1. A method comprising:
determining, by a remote control, a rate of signal pulses transmitted by a device and a transmission interval occurring between a first of the signal pulses and a second of the signal pulses;
detecting, by the remote control, selection of a command by a user; and
transmitting at least a portion of the command during the transmission interval.
2. The method of claim 1, wherein the determining the rate of the signal pulses comprises receiving a signal specifying the rate of the signal pulses.
3. The method of claim 1, wherein the determining the rate of the signal pulses comprises:
detecting a frequency of receipt of the signal pulses; and
determining the rate of the signal pulses based on the frequency.
4. The method of claim 1, further comprising determining that a time interval required to transmit the command exceeds the transmission interval.
5. The method of claim 4, further comprising fragmenting the command into at least two command fragments.
6. The method of claim 5, wherein the portion of the command transmitted during the transmission interval comprises a first of the at least two command fragments.
7. The method of claim 6, further comprising causing transmission of a second of the at least two command fragments during a subsequent transmission interval.
8. The method of claim 5, wherein each of the at least two command fragments comprises a header providing sequencing information for a first of the at least two command fragments relative to a second of the at least two command fragments.
9. A method comprising:
transmitting, by a display device, signal pulses at a pulse rate corresponding to a frame rate of a video program;
transmitting, to a remote control, a message specifying the pulse rate and a time duration of a transmission interval between a pair of the signal pulses; and
receiving, from the remote control, a command signal during the transmission interval.
10. The method of claim 9, wherein the message specifies a time duration of each of the signal pulses.
11. The method of claim 9, wherein the message specifies that a guard band precedes each of the signal pulses and/or follows each of the signal pulses, and wherein the pulse time message specifies a time duration of the guard band.
12. The method of claim 11, further comprising adjusting the rate at which the signal pulses are transmitted.
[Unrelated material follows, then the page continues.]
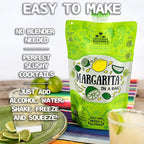Lt. Blender's Margarita in a Bag - Margarita Mix - Each Bag Makes 1/2 Gallon of Frozen Margaritas – Non-GMO Cocktail Mix - No Blender Needed – Add Liquor, Wine or as a Mocktail (Pack of 5)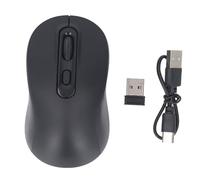 Portable Computer Mouse, Dual Mode Wireless Mouse with Receiver, 800/1600/2400 DPI, for Tablet Laptop for 11 10 8 7 2003 2000 (Black)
13. The method of claim 9, further comprising processing a plurality of packets received from the remote control;
determining that each of the packets contains a fragment of a command; and
reconstructing the command from the fragments.
14. A method comprising:
detecting, by a device, a command packet sent by a remote control;
determining that the command packet comprises an end sentinel followed by an identifier data sequence that identifies an alternative signaling frequency and comprises remote control address data of the remote control;
causing transmission of a pairing request comprising the remote control address data and device address data of the device; and
receiving a pairing response message from the remote control to establish a communication session with the remote control using the alternative signaling frequency.
15. The method of claim 14, further comprising exchanging keys with the remote control for encrypting messages to be sent as part of the communication session.
16. The method of claim 14, wherein the detecting of the command packet further comprises determining that the command packet has been fragmented into at least two command fragments.
17. The method of claim 16, wherein each of the at least two command fragments comprises a header providing sequencing information for a first of the at least two command fragments relative to a second of the at least two command fragments.
18. The method of claim 17, wherein the detecting of the command packet further comprises reconstructing the command packet based on the sequencing information.
19. The method of claim 15, further comprising, subsequent to the establishing of the communication session, receiving a second command packet.
20. The method of claim 19, further comprising causing communication of an acknowledgement in response to the second command packet.